Ivanovic, who deposed Sharapova as the world's top player at Roland Garros, believes she also has the game to thrive.
"Grass is a very specific surface. Everything is happening much faster. You have to be much more alert," said the 20-year-old Serbian, who lost to eventual champion Venus Williams in the semifinals in 2007.
"I think I have very powerful shot, but there are some things I have to improve. I'm trying to come forward more, play some volleys, which is very helpful here."
Whoever triumphs will find their bank balance swelling even further.
Ivanovic has earned just over five million dollars in her career so far, a figure dwarfed by the Russian's 12 million.
But a victory here on July 5 will surely boost the army of corporate callers desperate for an endorsement from the dusky Serbian with the girl-next-door charm.
When Sharapova won Wimbledon as a 17-year-old in 2004, her bank account swelled virtually overnight and, with an estimated 23 million dollars in off-court earnings alone, she is comfortably the world's richest sportswoman.
A Sharapova-Ivanovic final would also provide a fascinating contrast in personalities between Ivanovic, with her permanently sunny optimism, and Sharapova's steely determination.

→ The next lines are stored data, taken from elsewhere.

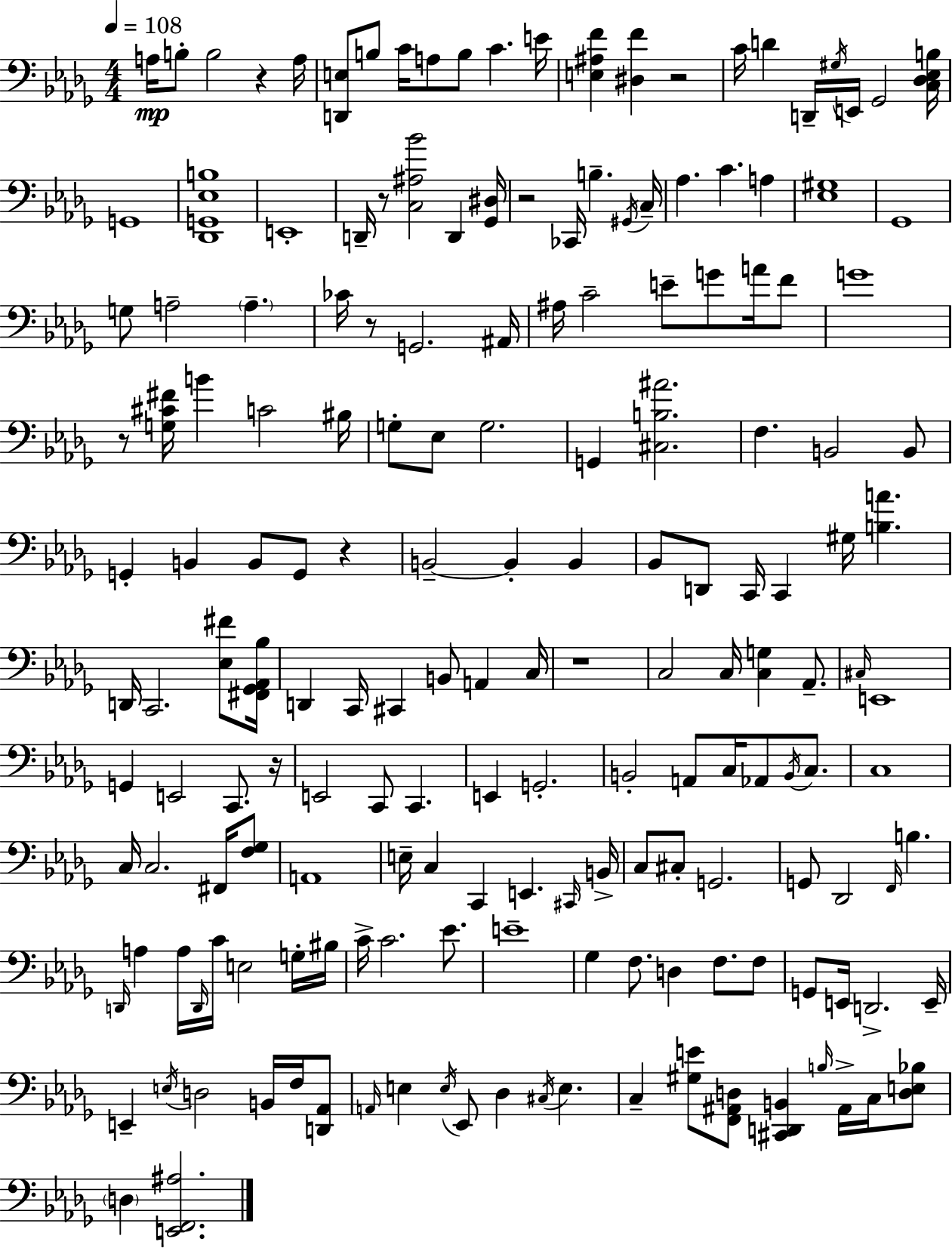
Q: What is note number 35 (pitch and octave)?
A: A#3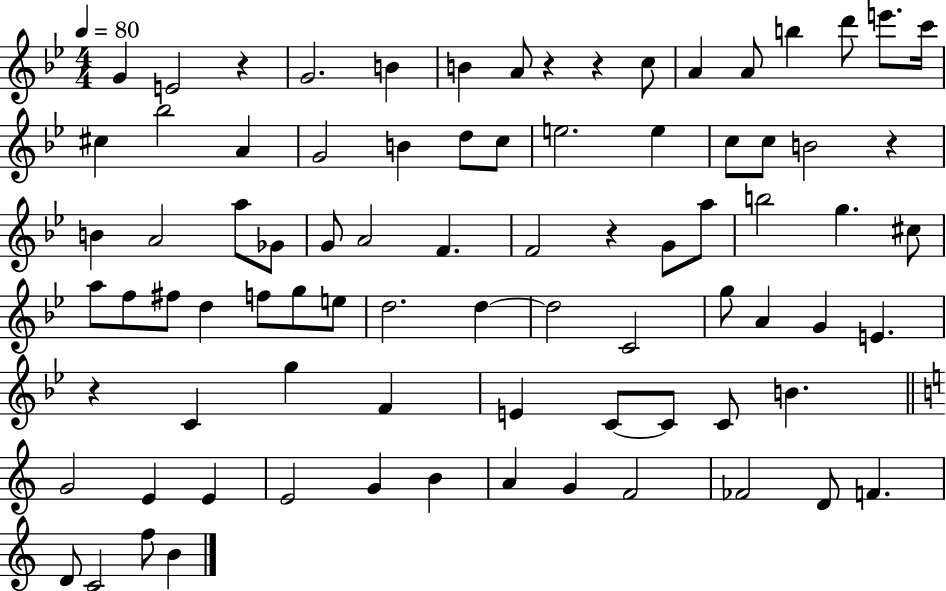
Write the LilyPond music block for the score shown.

{
  \clef treble
  \numericTimeSignature
  \time 4/4
  \key bes \major
  \tempo 4 = 80
  g'4 e'2 r4 | g'2. b'4 | b'4 a'8 r4 r4 c''8 | a'4 a'8 b''4 d'''8 e'''8. c'''16 | \break cis''4 bes''2 a'4 | g'2 b'4 d''8 c''8 | e''2. e''4 | c''8 c''8 b'2 r4 | \break b'4 a'2 a''8 ges'8 | g'8 a'2 f'4. | f'2 r4 g'8 a''8 | b''2 g''4. cis''8 | \break a''8 f''8 fis''8 d''4 f''8 g''8 e''8 | d''2. d''4~~ | d''2 c'2 | g''8 a'4 g'4 e'4. | \break r4 c'4 g''4 f'4 | e'4 c'8~~ c'8 c'8 b'4. | \bar "||" \break \key c \major g'2 e'4 e'4 | e'2 g'4 b'4 | a'4 g'4 f'2 | fes'2 d'8 f'4. | \break d'8 c'2 f''8 b'4 | \bar "|."
}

Both have an ingrained competitive streak forged from the harshness of their childhoods.
Sharapova famously left her mother behind in Russia to make the grade in Florida while Ivanovic practised tennis in an abandoned swimming pool during lulls in the NATO bombing of Belgrade before leaving for Germany.
Sharapova, who beat Ivanovic in the Australian Open final in January for her third Grand Slam title, has not returned to a Wimbledon final since her 2004 triumph over Serena Williams.
She was a semifinalist in 2005 and 2006 and a fourth round loser to eventual champion Venus Williams last year.
The Russian starts with a first round clash against France's Stephanie Foretz while Ivanovic faces Rossana De los Rios of Paraguary.
Ivanovic's fellow Serbian, Jelena Jankovic, is now the world number two but has never got beyond the fourth round at Wimbledon while Russia's Svetlana Kuznetsova, a former US Open champion, can only boast a quarter-final place.
That leaves the intimidating presence of the Williams sisters one of whom at least has featured in seven of the last eight finals.
In 2007, Venus surprised many observers, and probably herself, by winning a fourth singles title and making history as the lowest seeded player (23) to take the trophy.